_Work to complete_
Omit all pictures, then repeat the listing exactly.

*** Data for this task ***

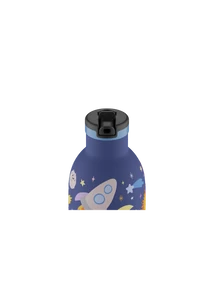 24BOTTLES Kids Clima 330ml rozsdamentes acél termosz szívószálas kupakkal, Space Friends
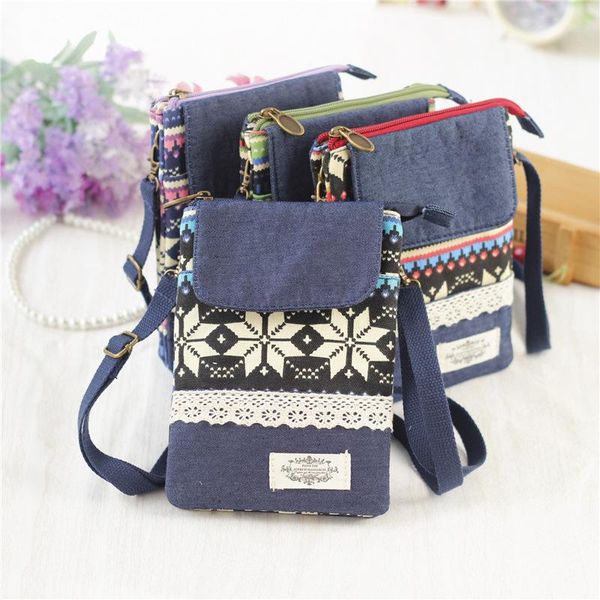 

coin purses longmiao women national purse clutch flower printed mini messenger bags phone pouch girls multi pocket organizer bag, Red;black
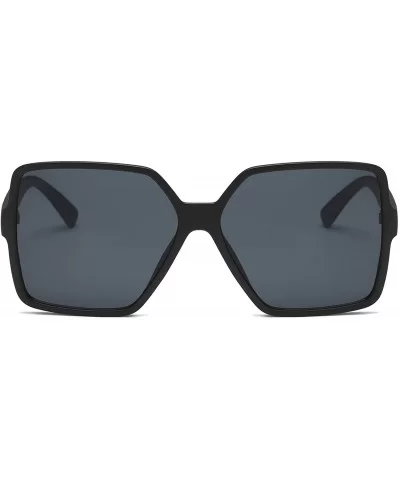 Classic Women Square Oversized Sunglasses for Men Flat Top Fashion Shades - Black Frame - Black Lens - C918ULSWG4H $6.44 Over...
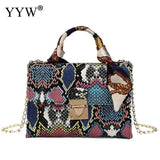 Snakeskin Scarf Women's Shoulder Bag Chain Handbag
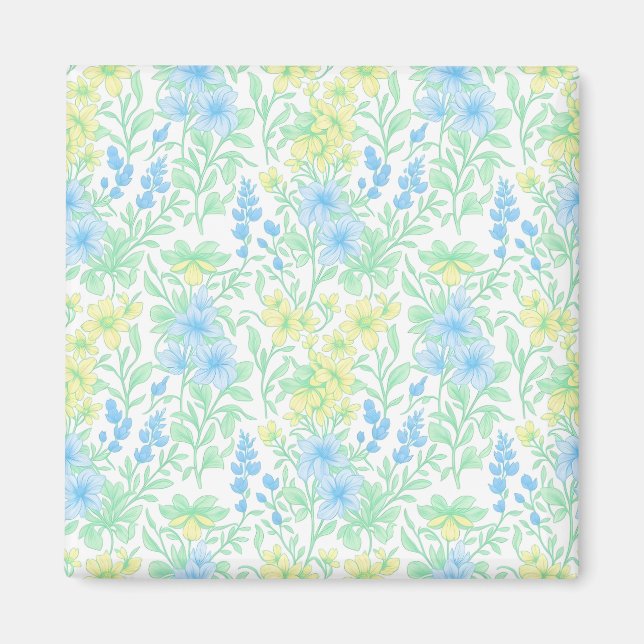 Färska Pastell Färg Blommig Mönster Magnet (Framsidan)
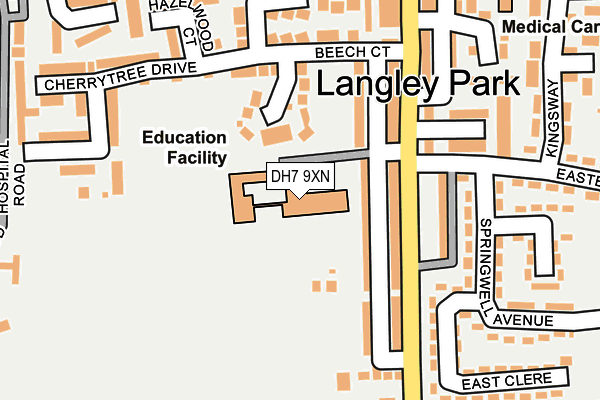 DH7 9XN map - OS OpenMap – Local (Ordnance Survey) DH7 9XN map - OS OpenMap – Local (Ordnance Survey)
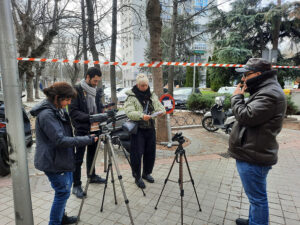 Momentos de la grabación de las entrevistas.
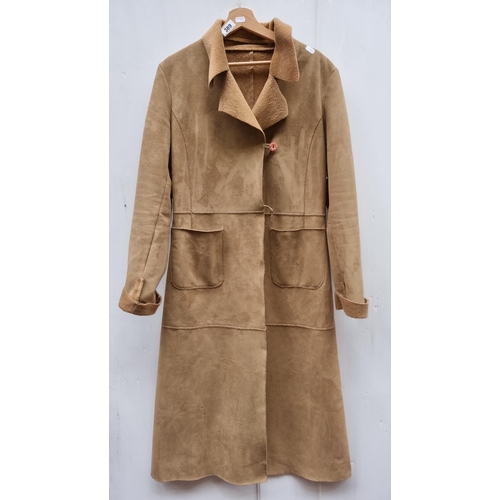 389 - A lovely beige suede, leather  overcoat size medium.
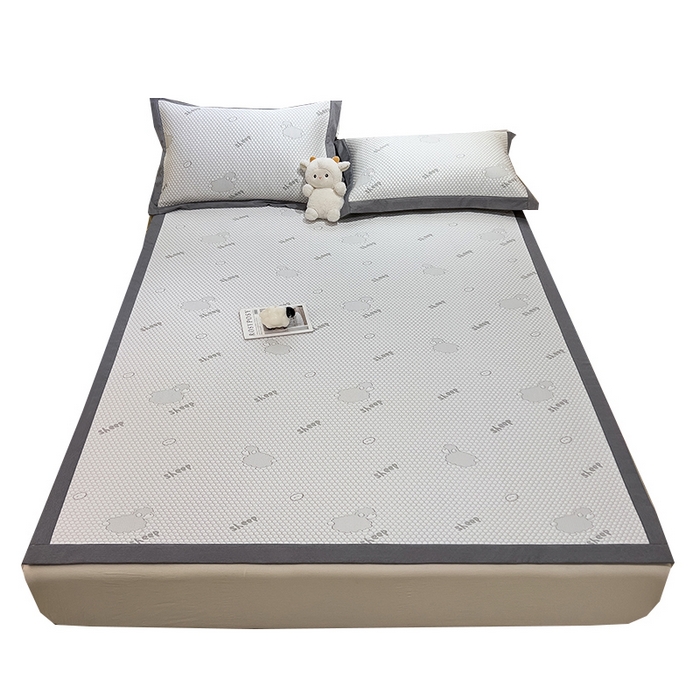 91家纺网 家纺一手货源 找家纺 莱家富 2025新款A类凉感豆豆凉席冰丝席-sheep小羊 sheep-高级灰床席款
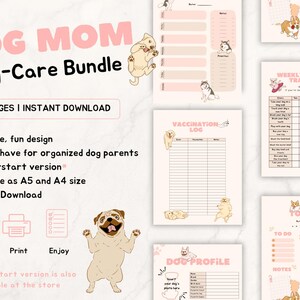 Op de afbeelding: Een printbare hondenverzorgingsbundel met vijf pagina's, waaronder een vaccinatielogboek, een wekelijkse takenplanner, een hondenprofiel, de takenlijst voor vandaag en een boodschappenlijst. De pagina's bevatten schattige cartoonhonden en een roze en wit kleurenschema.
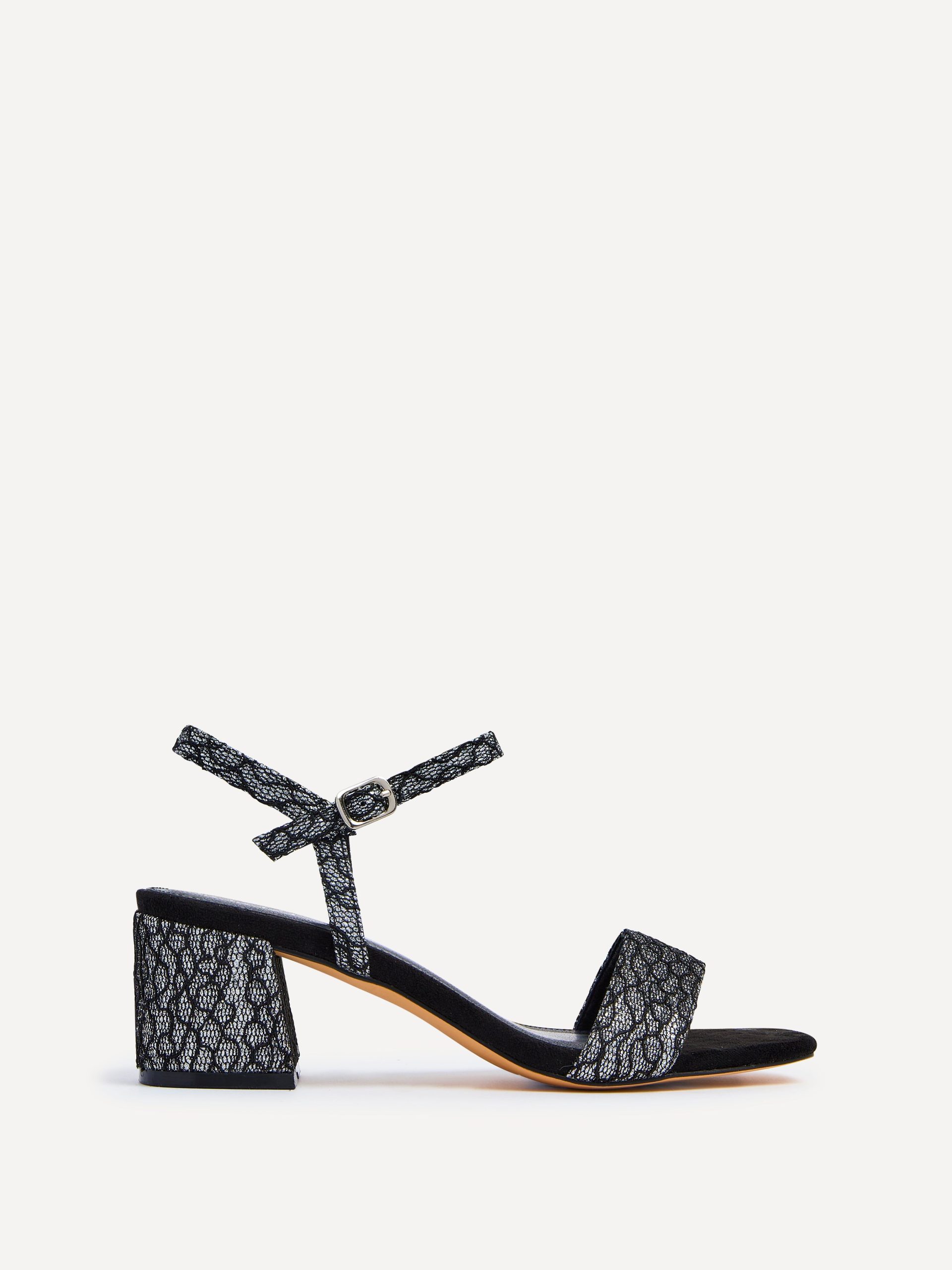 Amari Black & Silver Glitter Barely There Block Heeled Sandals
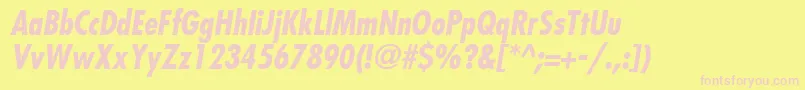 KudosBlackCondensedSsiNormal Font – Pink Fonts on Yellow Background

*** End of Data for this task ***

_Reply to the task_
 24BOTTLES Kids Clima 330ml rozsdamentes acél termosz szívószálas kupakkal, Space Friends

coin purses longmiao women national purse clutch flower printed mini messenger bags phone pouch girls multi pocket organizer bag, Red;black
 Classic Women Square Oversized Sunglasses for Men Flat Top Fashion Shades - Black Frame - Black Lens - C918ULSWG4H $6.44 Over...
 Snakeskin Scarf Women's Shoulder Bag Chain Handbag
 Färska Pastell Färg Blommig Mönster Magnet (Framsidan)
 DH7 9XN map - OS OpenMap – Local (Ordnance Survey) DH7 9XN map - OS OpenMap – Local (Ordnance Survey)
 Momentos de la grabación de las entrevistas.
 389 - A lovely beige suede, leather  overcoat size medium.
 91家纺网 家纺一手货源 找家纺 莱家富 2025新款A类凉感豆豆凉席冰丝席-sheep小羊 sheep-高级灰床席款
 Op de afbeelding: Een printbare hondenverzorgingsbundel met vijf pagina's, waaronder een vaccinatielogboek, een wekelijkse takenplanner, een hondenprofiel, de takenlijst voor vandaag en een boodschappenlijst. De pagina's bevatten schattige cartoonhonden en een roze en wit kleurenschema.
 Amari Black & Silver Glitter Barely There Block Heeled Sandals
 KudosBlackCondensedSsiNormal Font – Pink Fonts on Yellow Background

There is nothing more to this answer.